GENEVA (Reuters) – Washington's "war on terror" after the September 11 attacks has eroded human rights worldwide, creating lingering cynicism that the United Nations must now combat, international law experts said on Monday.

Mary Robinson, who was the U.N. High Commissioner for Human Rights when al Qaeda militants flew hijacked planes into the World Trade Center and Pentagon in 2001, said the United States caused harm with some of the ways it responded.

"Seven years after 9/11 it is time to take stock and repeal abusive laws and policies," the former Irish president said, warning that harsh U.S. detentions and interrogations in Iraq, Afghanistan, and Guantanamo Bay, Cuba gave a dangerous signal to other countries that could easily follow suit.

While new U.S. President Barack Obama has announced he will close Guantanamo to break from the practices of his predecessor George W. Bush, Robinson said sweeping changes needed to take place to ensure Washington abandons its "war paradigm."

"There has been severe damage and it needs to be addressed," she told a news conference in Geneva. "We are not more secure.
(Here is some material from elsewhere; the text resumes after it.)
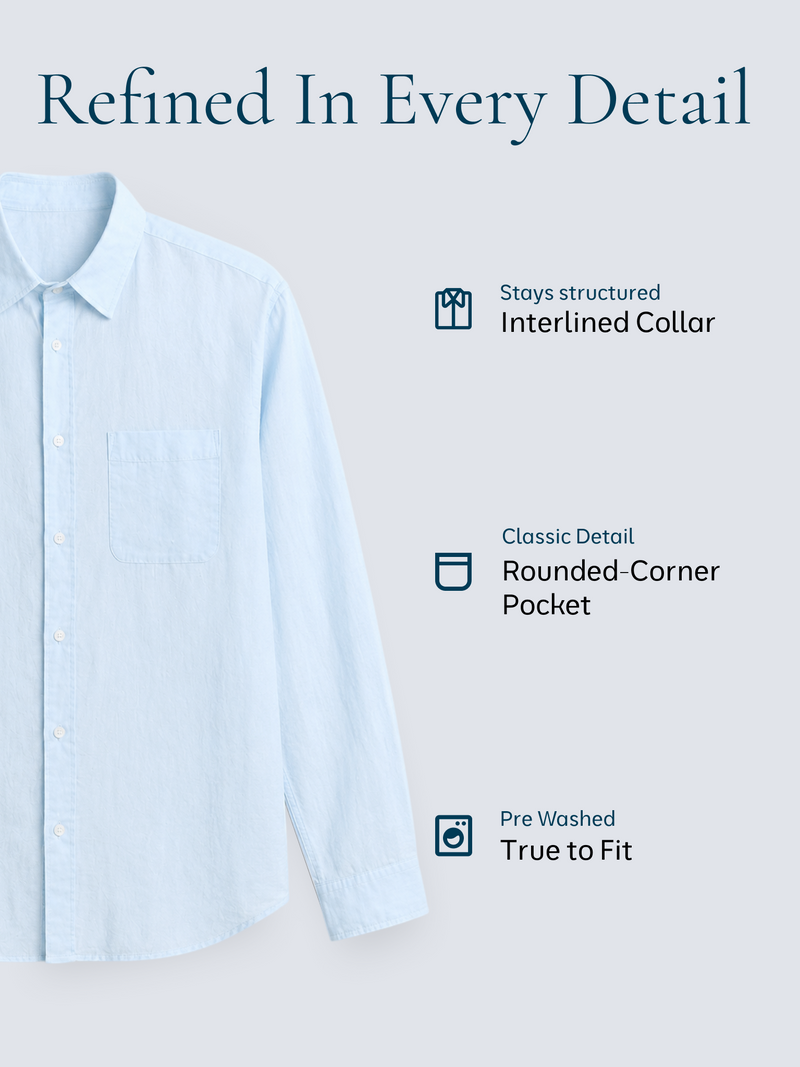 Ice Blue Pure European Linen Shirt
We are more divided, and people are more cynical about the operation of laws."

Arthur Chaskalson, former chief justice of South Africa, said that the United States should launch an inquiry into its counter-terrorism practices, including acts of torture by individual security and intelligence agents.
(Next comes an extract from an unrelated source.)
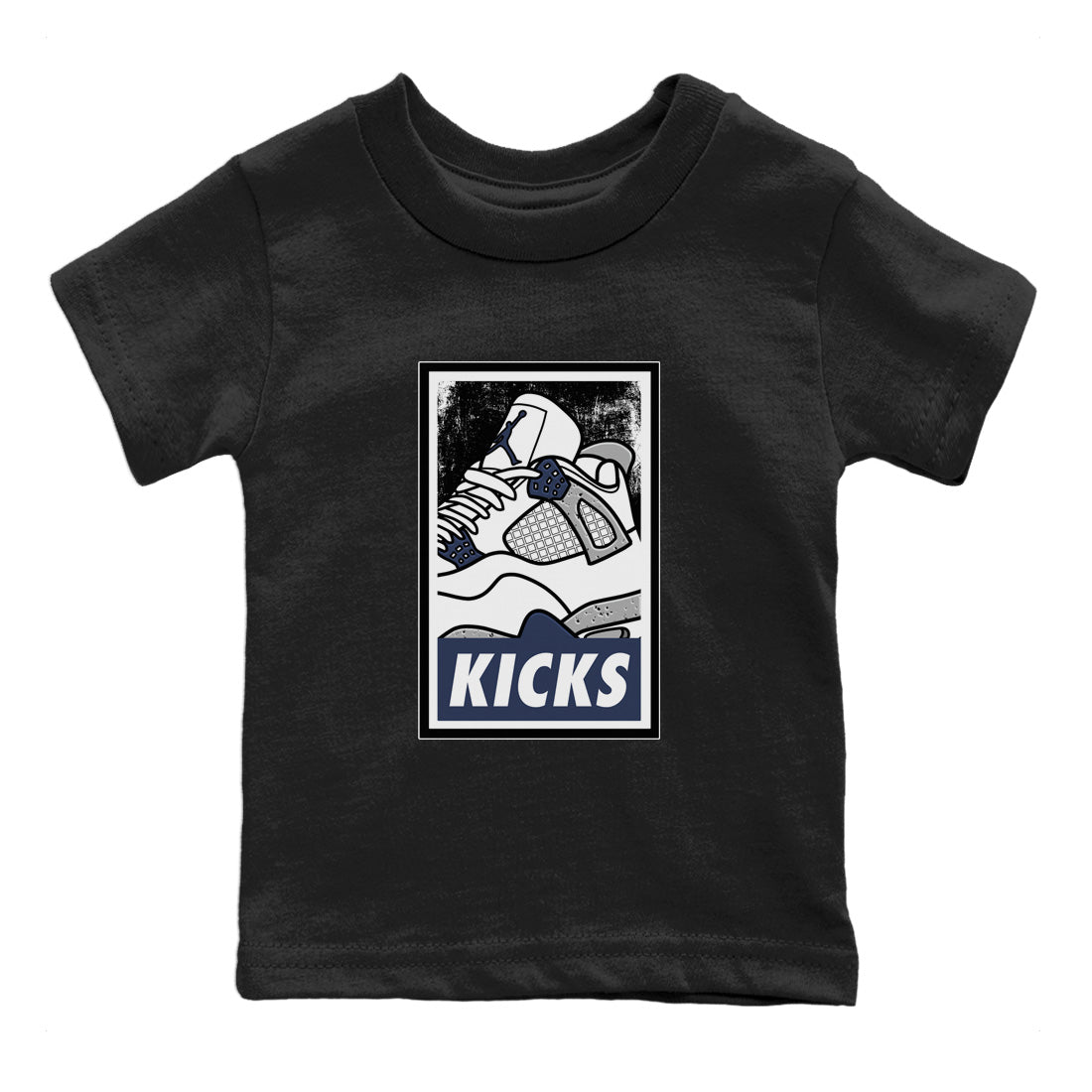 Jordan 4 Midnight Navy Sneaker Matching T-Shirt KICKS Sneaker Tees Jordan 4 Midnight Navy Sneaker Release Tees Kids Shirts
Although counter-terrorism issues have faded from the front pages since the change of government in Washington, Chaskalson said such practices have shifted around the world and could keep restricting liberties if they are not confronted head-on.

"We all have less rights today than we had five or 10 years ago, and if nothing happens, we will have even less," he told a Geneva briefing to launch an International Commission of Jurists (ICJ) report on counter-terrorism and human rights.

ABUSE MONITORING

The report found that many undemocratic states have referred to U.S. counter-terrorism practices to justify their own abuses, a trend Robinson said was particularly alarming.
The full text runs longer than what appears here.